Personagem frequente nos debates públicos das últimas décadas, o pastor Silas Malafaia exerce uma influência significativa numa parcela da população brasileira que não restringe aos evangélicos. Ele possui milhões de seguidores nas redes sociais e, como pastor midiático, conquistou espaços de voz e significativas parcerias no âmbito da política nacional. Seu nome é amplamente lembrado, menos pela vivência espiritual implicada na conduta de um líder religioso do que pelas controvérsias e polêmicas que suas associações e discursos promovem na esfera política.
E acompanhar Malafaia nas duas últimas décadas deveria produzir uma complicação para seus seguidores, pois ele se aproxima e se distancia de determinados políticos com uma assustadora facilidade: esse sujeito muda de opinião e apoio como muda de roupa. Mas não apenas isso, a cada alteração, ele encontra argumentos para justificar em nome da fé a posição adotada ou abandonada. Cada novo candidato que ele apoia é apresentado como a melhor opção, ou até mesmo como representação da vontade divina. Por isso mesmo, a pergunta que norteia essa reflexão é: por que Malafaia troca tanto suas associações com políticos?

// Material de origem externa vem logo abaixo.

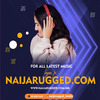 NaijaRugged - Agba Blogger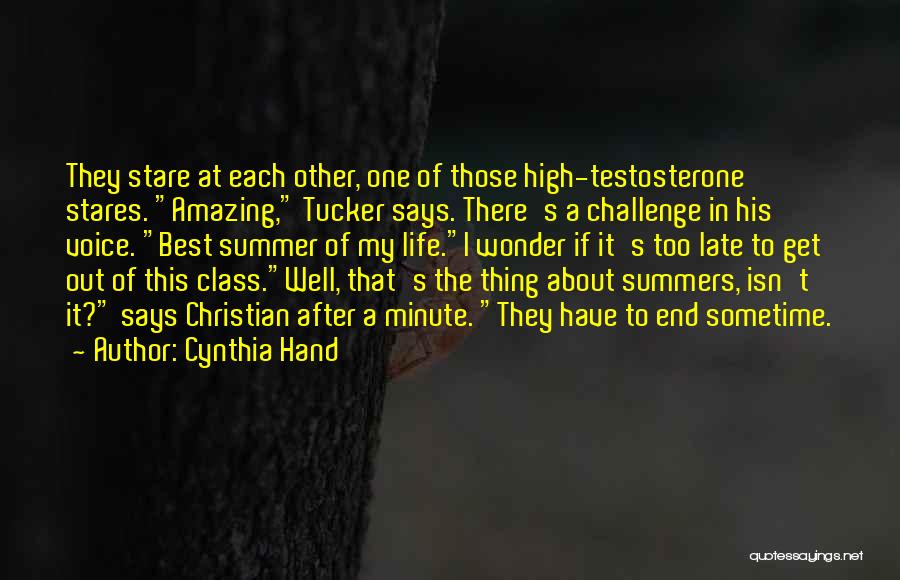 Cynthia Hand Quotes: They Stare At Each Other, One Of Those High-testosterone Stares. Amazing, Tucker Says. There's A Challenge In His Voice. Best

Em relação à política, ele se discursa como aquele que sabe em quem se deve votar. Iluminado, ele distingue quem são “os bons” e “os maus” políticos. Ademais, ele atua como uma espécie de pastor-consultor político do campo evangélico e conservador (ao menos é o que visa a sua atuação pública) que faz e desfaz a imagem de candidatos e eleitos. Por isso mesmo, sua posição segue com intensas oscilações: ele sabe, mas depois titubeia; ele tem convicção, mas se arrepende; ele apoia, depois nega; ele abençoa, a seguir pede a cabeça; ele defende, e depois persegue. Geralmente, ele muda de parceiro e opositor na medida em que aqueles que ele apoiava são acusados de crimes. Como lhe falta discernimento! Ele precisa orar mais para não cair em tanto engano sobre os atributos de honestidade de seus apoiados. Ou talvez o problema seja outro: pode ser que ele mude apenas pela conveniência, sendo seu apoio dependente do que lhe interessa em cada momento e da imagem que quer passar para seus seguidores.

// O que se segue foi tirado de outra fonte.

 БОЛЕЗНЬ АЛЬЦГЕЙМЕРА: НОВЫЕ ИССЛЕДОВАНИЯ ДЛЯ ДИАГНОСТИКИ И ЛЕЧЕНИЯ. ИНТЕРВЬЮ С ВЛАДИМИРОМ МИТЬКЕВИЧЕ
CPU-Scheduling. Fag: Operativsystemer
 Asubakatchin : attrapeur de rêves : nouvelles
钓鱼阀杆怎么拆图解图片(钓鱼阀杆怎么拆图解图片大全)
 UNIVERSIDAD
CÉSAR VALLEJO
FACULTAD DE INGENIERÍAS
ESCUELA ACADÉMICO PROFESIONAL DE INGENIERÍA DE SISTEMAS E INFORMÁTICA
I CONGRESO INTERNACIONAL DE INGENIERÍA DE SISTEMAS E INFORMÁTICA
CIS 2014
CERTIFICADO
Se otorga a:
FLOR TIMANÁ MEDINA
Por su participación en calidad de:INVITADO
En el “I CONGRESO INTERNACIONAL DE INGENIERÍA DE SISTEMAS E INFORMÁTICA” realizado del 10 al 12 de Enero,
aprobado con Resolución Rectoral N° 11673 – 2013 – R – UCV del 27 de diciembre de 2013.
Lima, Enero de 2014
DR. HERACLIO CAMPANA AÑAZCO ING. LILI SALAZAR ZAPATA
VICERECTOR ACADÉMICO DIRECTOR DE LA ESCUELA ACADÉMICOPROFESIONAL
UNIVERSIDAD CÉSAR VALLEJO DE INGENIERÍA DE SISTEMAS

Vejamos alguns exemplos das relações de Malafaia com políticos brasileiros.
Em 2002 e 2006, ele havia curiosamente declarado apoio a Lula. Num vídeo de 17 de outubro de 2002, Malafaia diz que as igrejas não devem determinar voto em qualquer candidato. Por que ele subiu ao palanque com Lula no segundo turno de 2002? Era Malafaia inocente quanto ao PT? Anos depois, ele diz: “Já acreditei no PT e fiz campanha para Lula em 2002, inclusive aparecendo no programa eleitoral. Quando comecei ver o real objetivos deles, saí fora, qual o problema? Corrigir rotas, reconhecer erros só faz quem é inteligente. O soberbo acha que nunca erra e acerta todas”. Seria bom se ele tivesse mesmo aprendido inteligentemente a corrigir sua rota; mas não: vamos conferir.

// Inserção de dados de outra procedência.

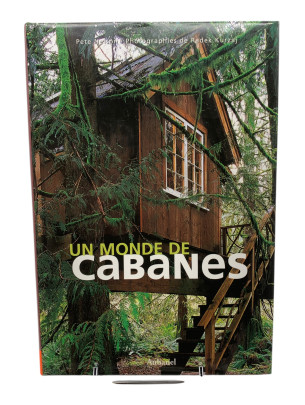 Livre - Un monde de cabanes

Quando Temer ainda era vice-presidente, Malafaia foi ao Palácio do Jaburu para o abençoar em nome de Deus e lhe solicitar cuidado com a indicação ao Ministério da Educação, pois era preciso se precaver diante da “ideologia de gênero” invadindo as escolas. Pouco depois, e logo após o discurso de posse de Temer, lá estava Malafaia novamente, orando e abençoando seu governo. Meses depois, contudo, Malafaia apareceu defendendo a renúncia ou o impeachment de Temer. Astuto e ardiloso, ele diz: só quem pediu o impeachment de Dilma pode pedir o de Temer. E a lista de relações controversas parece não ter fim: aguentem mais um pouco.
Malafaia vibrou com o lugar e a relevância política do então deputado Eduardo Cunha, “irmão nosso”, disse ele. E mais, alegou ainda que Eduardo Cunha seria o homem mais inteligente e mais honesto que ele conhecia e que dava dignidade à Câmara. O final já sabemos. Outro caso: Malafaia apresentou Romero Jucá como “um amigo da comunidade evangélica”, como “um homem que defende ideais e princípios cristãos”, como alguém que “tem nosso apoio”. Mais uma vez, como se diz, deu ruim! Esse também foi acusado de corrupção e lavagem de dinheiro. Mas como é podre o dedo desse profeta.
A relação de Malafaia com Jair Bolsonaro também guarda suas ambiguidades e conveniências. Na pré-campanha de 2018, ele discordou de certos comportamentos de Bolsonaro, mas disse que “o cara é limpo” e “não tem uma acusação de corrupção contra o cara”. Contudo, depois de paquerar Bolsonaro como candidato à presidência, e criar expectativa de apoio à sua candidatura, Malafaia optou por outro nome: João Dória, prefeito de São Paulo. Mais uma vez um político/candidato que foi apresentado como homem de Deus ou, quem sabe, “irmão nosso”.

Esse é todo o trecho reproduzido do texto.